That’s all for actually defining this division notation. But here are a couple other neat things which are a bit more advanced that I also want to mention.
Coordinate changes
You can even divide a frame by another frame, which is a reinterpretation of matrix multiplication. You can take one basis to another by operating componentwise. If \(A = (\b{a}_1, \b{a}_2)\) and \(B = (\b{b}_1, \b{b}_2)\)

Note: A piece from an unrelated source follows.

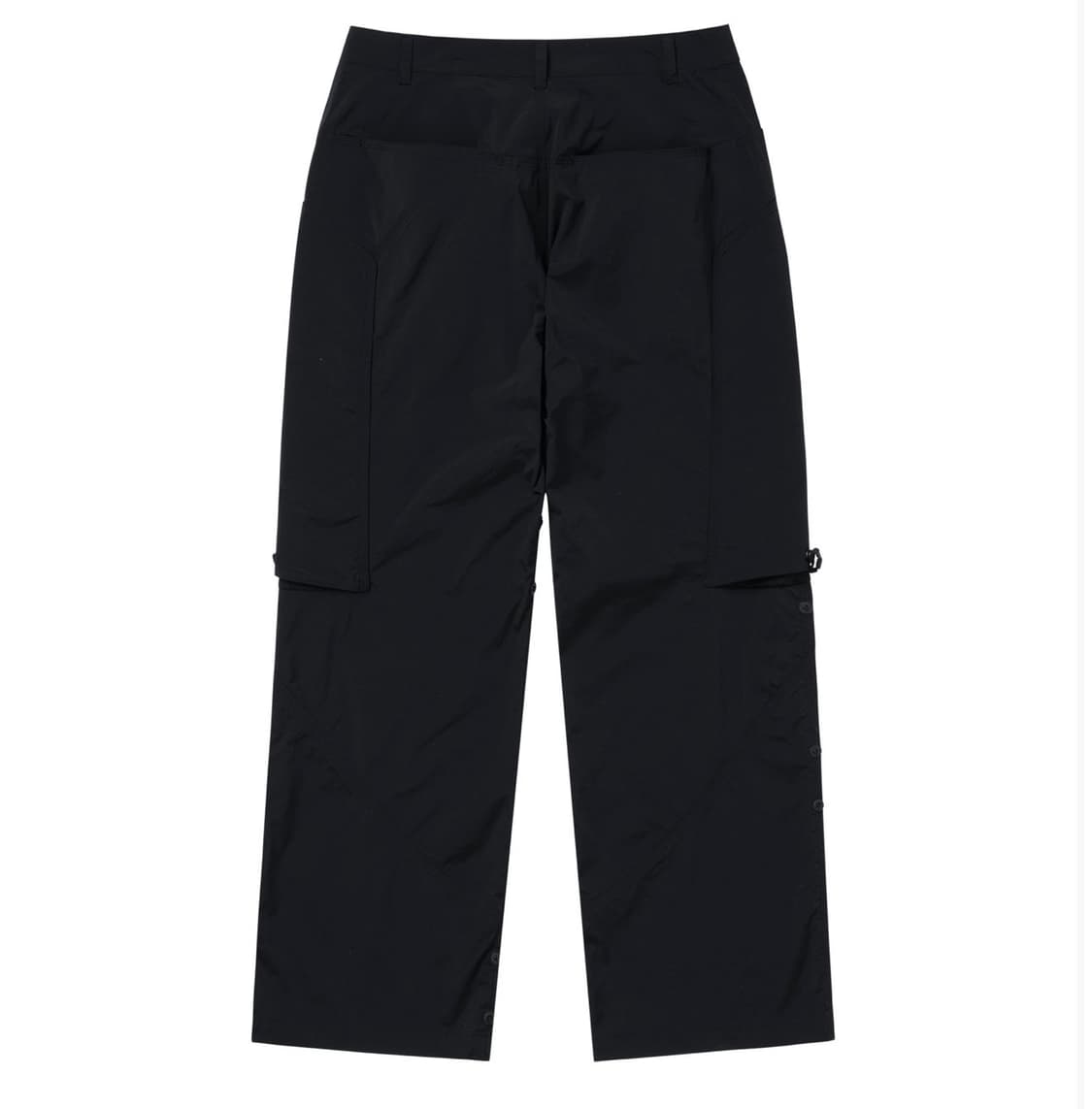 산산기어 스냅 스티치 팬츠 [BLACK] 상품이미지2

\[\begin{aligned} B_A &= \frac{B}{A} A \\ &= \frac{(\b{b}_1, \b{b}_2)}{(\b{a}_1, \b{a}_2)} (\b{a}_1, \b{a}_2) \\ &= ( \frac{\b{b}_1}{(\b{a}_1, \b{a}_2)} (\b{a}_1, \b{a}_2), \frac{\b{b}_2}{(\b{a}_1, \b{a}_2)} (\b{a}_1, \b{a}_2))) \\ &= ( (\b{b}_1)_{A}A, (\b{b}_2)_{A} A) \\ \end{aligned}\]That is, we have written the vectors of \(B\) as much as possible in terms of the vectors of \(A\). This immplements coordinate change from \(B \ra A\), because a vector \(\b{x}\) written in the basis \(B\) is given by \(\b{x} = \vec{x} \cdot B = (x_1, x+2) \cdot (\b{b}_1, \b{b}_2) = x_1 \b{b}_1 + x_2 \b{b}_2\), which in terms of the \(A\) basis is
\[\b{x}_A = \frac{\b{x}}{A} A = \vec{x} \cdot (\frac{B}{A} A) = x_1 (\b{b}_1)_{A}A + x_2 (\b{b}_2)_{A} A\]\(B/A\) is the changeofbasis matrix between the two bases but expressed in a way that makes it actually kinda work like that. I haven’t really figure out how this works if the bases don’t span the same subspaces, and probably the notation could be improved a bit, but it’s still a neat way of thinking about it.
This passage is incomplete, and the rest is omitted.